Opinion
Submitted May 3, 1938 —
Decided September 13, 1938.
1. Relator, a member of the police department of a municipality, was retired on half pay. Chapter 160 of the laws of 1920, creating such pension fund, was later amended so that the municipality was required first to deduct 2 per cent. of such pension and then 4 per cent. thereof, such deductions to be used to form a fund for the dependents of such retired policeman. Held, that such deductions are mandatory under the statute in question, and that the municipality had no discretion in obeying such mandate.
2. The deductions for dependents from pensions paid to retired members of the police and fire departments of a municipality are required to be made whether such retired member has any dependents or not; and while there may be some seeming injustice in making such deductions from a pensioner who has no dependents and is not likely to have any, such situation is one which the legislature only has the power to cure.
On mandamus.
Before BROGAN, CHIEF JUSTICE, and Justices BODINE and HEHER.
For the relator, Alex. P. Schuenemann, 3d ( Horace G. Brown, of counsel).
For the respondent, Firmin Michel.
This is an action on mandamus. The facts upon which the alternative writ was awarded are admitted by the return. A demurrer was filed by the relator.
The facts are as follows: The relator, James R. Clay, served as a member of the police department of the city of Camden from July 1st, 1905, until July 2d 1928, when, as a police sergeant, receiving a monthly salary of $185, he was retired at half pay. He received such pension ($92.50 per month) until April 1st, 1933; thence until January 15th, 1938, two per cent. was deducted therefrom; thereafter four per cent. was deducted therefrom. The respondent alleges that the first deduction of two per cent. was made under the authority of section 4, chapter 160, Pamph. L. 1920, as amended by chapter 185, Pamph.

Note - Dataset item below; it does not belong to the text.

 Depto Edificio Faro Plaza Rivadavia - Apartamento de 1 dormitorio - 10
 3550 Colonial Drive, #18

L. 1928, and the four per cent. deduction made by virtue of the amendment of 1935 (chapter 171) Rev. Stat. 43:16-5, and that the deductions are mandatory.

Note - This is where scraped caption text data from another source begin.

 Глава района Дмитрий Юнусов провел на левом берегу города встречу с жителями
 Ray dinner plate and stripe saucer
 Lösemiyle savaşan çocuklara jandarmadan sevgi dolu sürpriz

It is admitted that the relator is sixty-seven years of age, has never been married, and has no dependents; that he neither consented to nor authorized the deductions. He says that having no dependents deductions should not be made in his case, and prays that henceforth the amount of his pension be paid him without deductions and, further, that there be repaid to him the total of deductions already made.
As to a refund, we are of the opinion that the claimant is in laches. Deductions were made beginning April 1st, 1933, and he waited five years before seeking relief from what he now says was an illegal exaction from his pension money. An estoppel by conduct, as to past deductions, exists. The main question in the case, however, concerns present and future deductions.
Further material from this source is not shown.